É isso que também acredita o senador Gerson Camata. “Se você levar em conta a emissão de CO₂por quilômetro percorrido, o óleo diesel é menos poluente que a gasolina”, afirma.
Aliás, o apelo ao biodiesel é um dos motivos que atraem o governo para a retomada dos carros a diesel. “Existem várias iniciativas nesse sentido em andamento como, por exemplo, o diesel de cana-de-açúcar”, acrescenta Avanzini. Mas o próprio diesel também tem seu lado político. O governo já anunciou que será autossuficiente na produção do combustível a partir de 2011.
O aumento da produção já é refletido nos balanços da ANP. Neste ano, o Brasil exportou 426.765 m³ de óleo diesel contra uma importação de 911.523 m³. Em relação a 2008, o país importou até maio menos 63,1% do combustível e exportou mais 95%.

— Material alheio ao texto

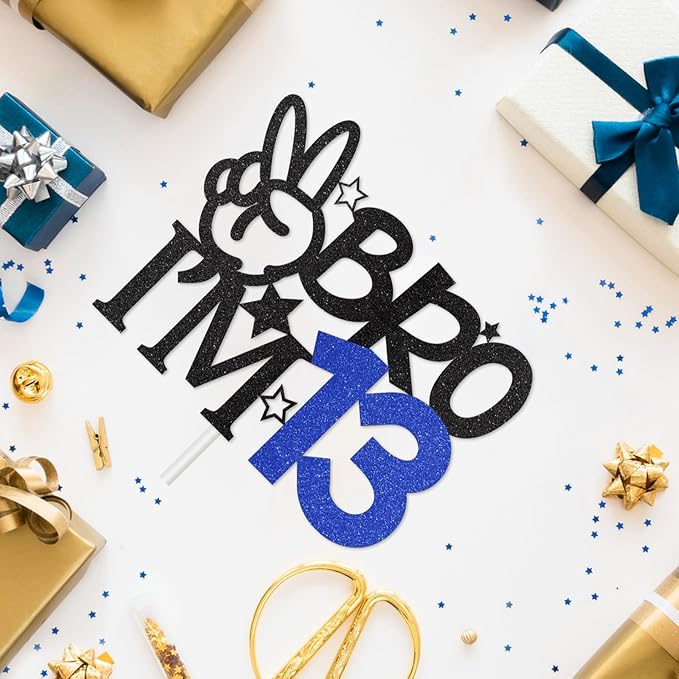 Bro I'm 13 Cake Topper, 13th Birthday Decorations for Boy, Glitter Funny 13th Birthday Cake Topper, Big Brother 13 Year Old Birthday Party Decoration Supplies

Nem tão contente anda a Petrobras, que terá de investir nas refinarias para se adequar ao novo diesel. O G1 entrou em contato com a empresa estatal, no entanto, o departamento de comunicação afirmou que a Petrobras só se manifestará sobre o assunto, caso a liberação dos carros a diesel for decretada.
Mas o senador Delcídio Amaral adiantou que a estatal pediu para “discutir melhor” o projeto. “A Petrobras entrou em contato comigo por que quer reavaliar, discutir melhor, essa proposta”, afirma.
A retomada das vendas de carros a diesel está longe de significar uma ameaça ao mercado de automóveis flex. Pelo contrário. Primeiramente, porque o preço de um carro a diesel é mais alto, pois a tecnologia é mais cara. Segundo, porque a indústria enxerga a possível mudança como o aumento das opções de escolha para o consumidor.
“Não acredito que a venda de carros a diesel atingirá uma escala tão grande quanto a de carros flex, será na verdade mais uma opção. E é o que se tem visto no mundo todo. Não existe uma matriz energética do futuro, o consumidor que irá escolher se prefere flex, elétrico, híbrido, diesel etc.”, afirma o chefe da engenharia da Ford para a América do Sul.
Outro motivo é um possível aumento do preço do combustível. O baixo valor do diesel só é mantido por subsídios do governo. Se a escala de distribuição aumentar, isso poderá representar um reajuste de preços. “Pode ser que o subsídio do diesel diminua com o aumento da demanda”, analisa Milton Lubraico.
Para os especialistas, os carros a diesel terão forte apelo para quem utiliza o carro como instrumento de trabalho, devido à economia de combustível. A vantagem, no caso, seria dos taxistas.
Para quem quer ter acesso a carros mais modernos e com maior torque (característica desse tipo de veículo), também seria uma opção.E isso sem a necessidade de importar um modelo. Várias montadoras fabricam motores a diesel no Brasil, com foco no mercado externo. Entre os principais clientes desses produtos estão Europa e vizinhos como Argentina, Uruguai e Chile.
No dia 27 de outubro, a Associação Nacional dos Fabricantes de Veículos Automotores (Anfavea) promoverá um encontro entre representantes de montadoras, fabricantes de autopeças, SAE Brasil, Petrobras, entre outros. Ainda há muito para esclarecer, regras a determinar e pontos a se cumprir sobre o polêmico assunto. Mas o debate já é um passo a favor de regulamentações e mudanças, ao menos, do ponto de vista ambiental.
O senador Delcídio Amaral acredita que a decisão ainda deve demorar mais um pouco. “É um projeto meritório, mas que merece uma discussão mais profunda. A Petrobras quer discutir melhor isso, o Ministério das Minas e Energia também. Acho bem razoável conversar mais sobre isso antes de tomarmos qualquer decisão”, afirma.
No curto prazo, o consumidor fica com a certeza de que a discussão sobre a liberação do combustível apenas começou. Porém, se a lei for aprovada, a opinião pública terá forte peso sobre o sucesso ou não da investida, a exemplo do que aconteceu com os carros flex.